In both examples, TritonSan’s output should correspond to the bug description provided at the beginning of each sample program.

We also found that these two bugs are not detected by Compute Sanitizer, highlighting the value of TritonSan as a complementary debugging tool for Triton programs.

Known Issues

Warning generated from LLVM sanitizers

When using 'tsan' for data race detection, LLVM sanitizers may emit the following warning.

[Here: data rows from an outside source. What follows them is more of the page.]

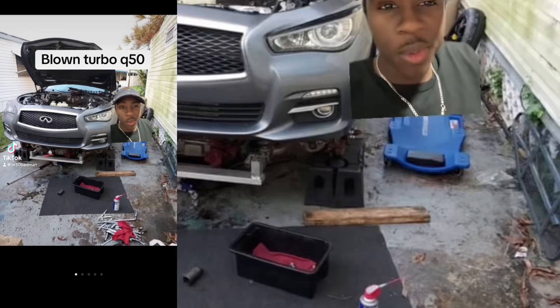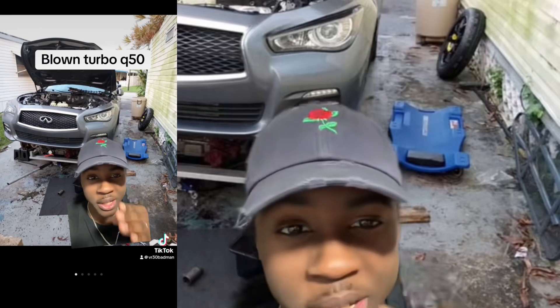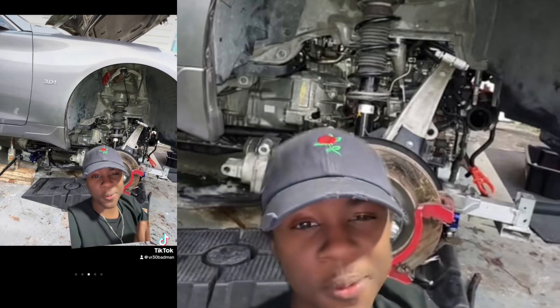If you're changing out your turbos in your own driveway, I'm going to give you this advice right now: pay the mechanic. Just pay the mechanic. The amount of time, patience, and knowledge you need to accomplish this job — you need to have at least 10 six-packs waiting for you. Just pay the mechanic.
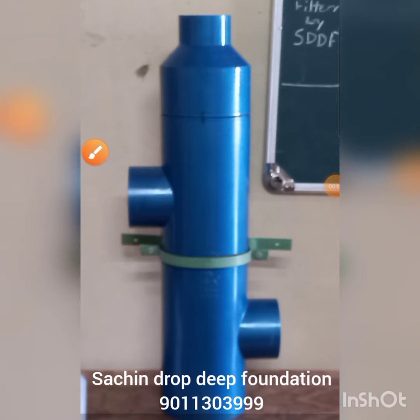In this video we will learn about a rainwater harvesting filter made by Surgeon Drop Foundation, shown here in blue. You can see the body of the filter and a green clip which is used to fix the filter on the wall.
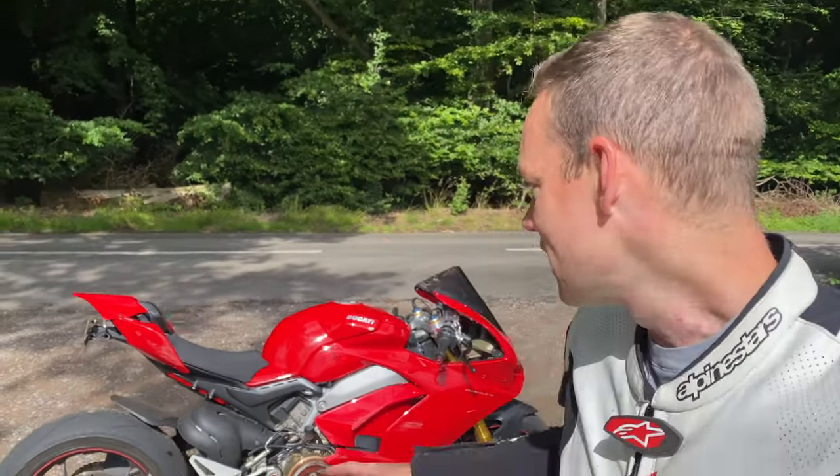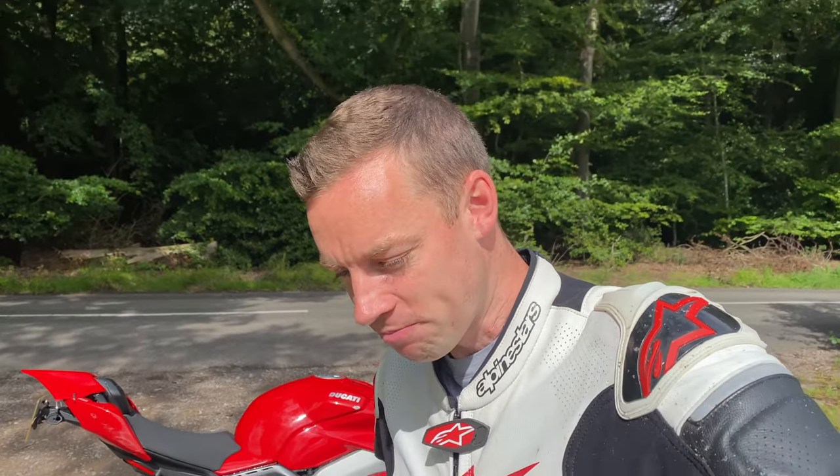Let me know in the comments what you think. We're taking this back to the workshop now - I want to clean it all up and make it look absolutely factory pristine, just what a Ducati should look like. We'll take the fairings off in the next video. If you enjoyed the video please give it a thumbs up and subscribe - we'll see you on the next one, thank you for watching.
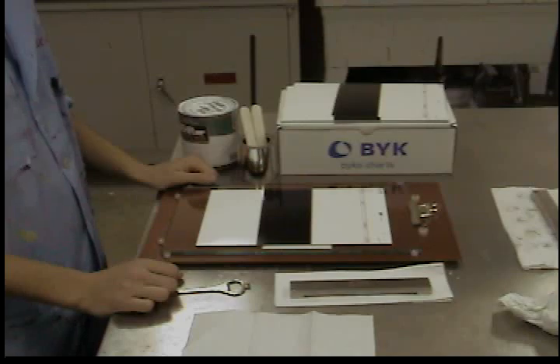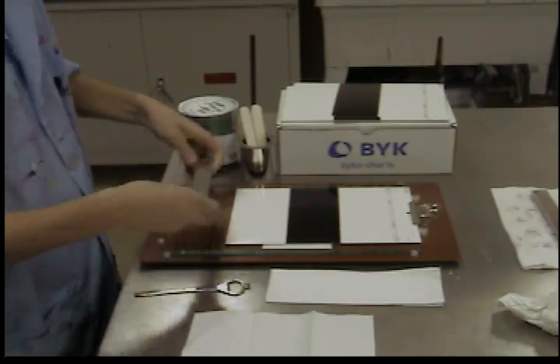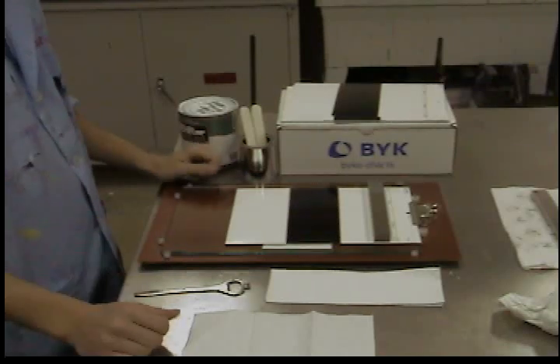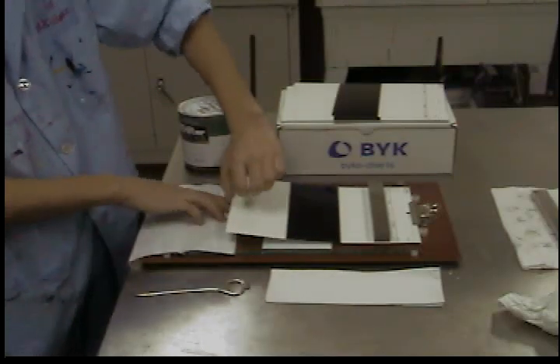Secure the Bicco chart to the drawdown plate. Place the applicator at the top of the chart, just below your labels. The larger side of the wedge on the bottom should face towards you. Place an unfolded paper towel under the end of the chart to catch the excess paint that will be pulled beyond the end of the chart during the application process.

This message is harmless and can be safely ignored for now.

Warning: please export TSAN_OPTIONS='ignore_noninstrumented_modules=1' to avoid false positive reports from the OpenMP runtime!

An Overview of the TritonSan Workflow

A figure illustrating TritonSan's workflow. TritonSan uses the LD_PRELOAD environment variable to initialize the selected LLVM sanitizer before launching the Triton program. For each encountered Triton kernel, it applies an instrumentation pass on the generated LLVM IR and links the result with the sanitizer's runtime library. Finally, TritonSan executes the Triton kernel on the CPU to perform dynamic analysis and detect potential bugs.